Exercise objective | The listing is to be reproduced in full, with no character altered.
━━━━━━
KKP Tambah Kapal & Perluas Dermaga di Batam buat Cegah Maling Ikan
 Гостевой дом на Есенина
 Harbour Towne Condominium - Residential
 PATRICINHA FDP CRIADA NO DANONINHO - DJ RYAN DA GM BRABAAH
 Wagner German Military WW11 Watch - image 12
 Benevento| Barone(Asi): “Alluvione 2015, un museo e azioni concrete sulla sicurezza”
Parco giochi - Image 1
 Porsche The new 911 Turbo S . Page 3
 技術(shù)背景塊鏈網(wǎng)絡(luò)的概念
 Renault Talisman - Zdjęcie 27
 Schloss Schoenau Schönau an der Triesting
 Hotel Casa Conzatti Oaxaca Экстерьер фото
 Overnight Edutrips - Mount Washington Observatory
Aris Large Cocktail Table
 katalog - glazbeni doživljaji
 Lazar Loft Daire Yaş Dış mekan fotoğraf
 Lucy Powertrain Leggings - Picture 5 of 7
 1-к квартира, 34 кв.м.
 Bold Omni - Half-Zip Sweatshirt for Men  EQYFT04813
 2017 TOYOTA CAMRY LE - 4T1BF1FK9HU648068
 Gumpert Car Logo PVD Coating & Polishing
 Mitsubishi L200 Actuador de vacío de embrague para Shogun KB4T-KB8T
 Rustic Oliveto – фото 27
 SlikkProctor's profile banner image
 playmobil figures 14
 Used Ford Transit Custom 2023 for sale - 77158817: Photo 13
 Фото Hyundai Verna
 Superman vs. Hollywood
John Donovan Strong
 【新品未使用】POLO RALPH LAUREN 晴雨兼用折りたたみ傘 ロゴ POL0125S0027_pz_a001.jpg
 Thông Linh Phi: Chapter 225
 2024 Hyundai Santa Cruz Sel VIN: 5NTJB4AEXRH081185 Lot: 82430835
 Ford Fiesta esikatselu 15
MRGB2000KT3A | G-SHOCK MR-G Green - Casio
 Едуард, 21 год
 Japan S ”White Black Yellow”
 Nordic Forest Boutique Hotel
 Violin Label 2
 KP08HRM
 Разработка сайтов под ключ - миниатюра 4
━━━━━━
Finished exercise |
KKP Tambah Kapal & Perluas Dermaga di Batam buat Cegah Maling Ikan
 Гостевой дом на Есенина
 Harbour Towne Condominium - Residential
 PATRICINHA FDP CRIADA NO DANONINHO - DJ RYAN DA GM BRABAAH
 Wagner German Military WW11 Watch - image 12
 Benevento| Barone(Asi): “Alluvione 2015, un museo e azioni concrete sulla sicurezza”
Parco giochi - Image 1
 Porsche The new 911 Turbo S . Page 3
 技術(shù)背景塊鏈網(wǎng)絡(luò)的概念
 Renault Talisman - Zdjęcie 27
 Schloss Schoenau Schönau an der Triesting
 Hotel Casa Conzatti Oaxaca Экстерьер фото
 Overnight Edutrips - Mount Washington Observatory
Aris Large Cocktail Table
 katalog - glazbeni doživljaji
 Lazar Loft Daire Yaş Dış mekan fotoğraf
 Lucy Powertrain Leggings - Picture 5 of 7
 1-к квартира, 34 кв.м.
 Bold Omni - Half-Zip Sweatshirt for Men  EQYFT04813
 2017 TOYOTA CAMRY LE - 4T1BF1FK9HU648068
 Gumpert Car Logo PVD Coating & Polishing
 Mitsubishi L200 Actuador de vacío de embrague para Shogun KB4T-KB8T
 Rustic Oliveto – фото 27
 SlikkProctor's profile banner image
 playmobil figures 14
 Used Ford Transit Custom 2023 for sale - 77158817: Photo 13
 Фото Hyundai Verna
 Superman vs. Hollywood
John Donovan Strong
 【新品未使用】POLO RALPH LAUREN 晴雨兼用折りたたみ傘 ロゴ POL0125S0027_pz_a001.jpg
 Thông Linh Phi: Chapter 225
 2024 Hyundai Santa Cruz Sel VIN: 5NTJB4AEXRH081185 Lot: 82430835
 Ford Fiesta esikatselu 15
MRGB2000KT3A | G-SHOCK MR-G Green - Casio
 Едуард, 21 год
 Japan S ”White Black Yellow”
 Nordic Forest Boutique Hotel
 Violin Label 2
 KP08HRM
 Разработка сайтов под ключ - миниатюра 4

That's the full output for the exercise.